Gunnar Peterson posted an article about challenges in Infosec security field. I love how he compares technical debt with the financial one. This is the same thing that I am preaching: we must keep technology of our systems current or even a little ahead of the market because once we fall behind it is very difficult and costly to catch up. I know that it is very difficult to find time and resources to move the system forward, and it can be scary to innovate, but it is very vital for keeping the system alive and relevant. Coincidentally, this is the challenge that everybody faces and everybody has to front the problem sooner or later. The key is not to get the system stale. You must always look for an opportunity to innovate and improve. Such attitude helps in keeping up with the wave of technological progress. We see many examples from the market when companies fall behind, lose customers, and then desperately play catch up upgrading their systems (Sony, My Space, Microsoft, etc.) In case of Microsoft, their sheer bulk, financial strength, and ability to recruit brilliant engineers, always pulls them out, although it remains to be seen if they will turn around their fortunes in mobile market.
Inspired by the following article which talks about innovation in security field where the highlighted quote is striking:
Technical debt measures the necessary work that does not get shipped in a release. Taking on too much debt is like borrowing too much money, it might work but once things begin to go against you its hard to recover because you are not in a position of strength.
And a bigger excerpt from the article:
If there is one thing that’s crystal clear in Infosec its that Infosec lags software innovation. Its a field where we are always playing catch up and the important question tends to be – how fast can we catch up?

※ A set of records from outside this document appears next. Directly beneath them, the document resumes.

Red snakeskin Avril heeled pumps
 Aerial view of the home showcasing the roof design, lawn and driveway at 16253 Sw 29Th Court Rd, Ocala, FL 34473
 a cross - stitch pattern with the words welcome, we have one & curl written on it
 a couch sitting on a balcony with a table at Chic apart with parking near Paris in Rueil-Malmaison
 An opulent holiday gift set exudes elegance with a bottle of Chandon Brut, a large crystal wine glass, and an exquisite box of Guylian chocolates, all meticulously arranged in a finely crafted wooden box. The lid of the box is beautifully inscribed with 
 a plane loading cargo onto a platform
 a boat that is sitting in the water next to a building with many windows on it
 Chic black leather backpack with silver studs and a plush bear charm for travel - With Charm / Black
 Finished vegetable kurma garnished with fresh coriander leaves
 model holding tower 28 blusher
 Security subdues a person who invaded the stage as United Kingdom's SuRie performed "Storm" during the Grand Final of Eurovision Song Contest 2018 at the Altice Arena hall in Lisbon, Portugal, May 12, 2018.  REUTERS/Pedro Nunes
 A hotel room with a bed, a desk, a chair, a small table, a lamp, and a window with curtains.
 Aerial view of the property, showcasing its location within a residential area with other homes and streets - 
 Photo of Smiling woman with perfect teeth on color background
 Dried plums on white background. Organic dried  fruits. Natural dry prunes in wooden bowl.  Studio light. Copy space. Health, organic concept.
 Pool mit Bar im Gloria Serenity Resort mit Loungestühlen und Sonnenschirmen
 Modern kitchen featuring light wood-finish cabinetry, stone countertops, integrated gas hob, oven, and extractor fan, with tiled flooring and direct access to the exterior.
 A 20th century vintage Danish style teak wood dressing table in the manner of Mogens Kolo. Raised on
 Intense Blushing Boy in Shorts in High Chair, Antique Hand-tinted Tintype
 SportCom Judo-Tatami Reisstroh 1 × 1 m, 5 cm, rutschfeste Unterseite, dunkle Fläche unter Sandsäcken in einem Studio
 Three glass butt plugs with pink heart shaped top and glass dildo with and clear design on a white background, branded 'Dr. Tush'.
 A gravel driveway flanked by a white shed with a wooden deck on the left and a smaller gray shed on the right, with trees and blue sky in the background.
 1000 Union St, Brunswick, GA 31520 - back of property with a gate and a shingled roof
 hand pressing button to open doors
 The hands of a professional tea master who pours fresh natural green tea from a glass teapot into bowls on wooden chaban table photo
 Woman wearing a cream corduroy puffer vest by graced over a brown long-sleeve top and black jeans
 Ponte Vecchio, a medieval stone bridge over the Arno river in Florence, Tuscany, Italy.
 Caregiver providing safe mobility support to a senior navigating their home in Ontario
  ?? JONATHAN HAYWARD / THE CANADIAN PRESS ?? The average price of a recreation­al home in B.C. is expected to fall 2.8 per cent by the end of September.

Because innovation outpaces security, Infosec has been a passive bystander shuffling debt issuances around like someone processing subprime mortgages and rating it Triple A when the first payment cannot even be made. The industry ships apps everyday with substandard access control that do not reliably authenticate or authorize users, much less deal actively malicious actors.
Technical debt measures the necessary work that does not get shipped in a release. Taking on too much debt is like borrowing too much money, it might work but once things begin to go against you its hard to recover because you are not in a position of strength. As Warren Buffett says, “You don’t know who is swimming naked until the tide goes out.”